_TASK INSTRUCTIONS_. For the records below, print the lines from the line with "щука с картофелем и майонезом в духовке" through the line with "Wiha slimBit electric" exactly as written; include both end lines and exclude the rest.

_EXTRACTED ENTRIES_.
┄┄┄┄┄┄

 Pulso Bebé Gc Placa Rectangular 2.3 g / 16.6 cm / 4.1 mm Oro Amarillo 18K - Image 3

┄┄┄┄┄┄

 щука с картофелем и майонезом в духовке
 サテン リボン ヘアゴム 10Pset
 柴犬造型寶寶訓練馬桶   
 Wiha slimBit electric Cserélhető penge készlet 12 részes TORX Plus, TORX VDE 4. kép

┄┄┄┄┄┄

_ANSWER SECTION_.
 щука с картофелем и майонезом в духовке
 サテン リボン ヘアゴム 10Pset
 柴犬造型寶寶訓練馬桶   
 Wiha slimBit electric Cserélhető penge készlet 12 részes TORX Plus, TORX VDE 4. kép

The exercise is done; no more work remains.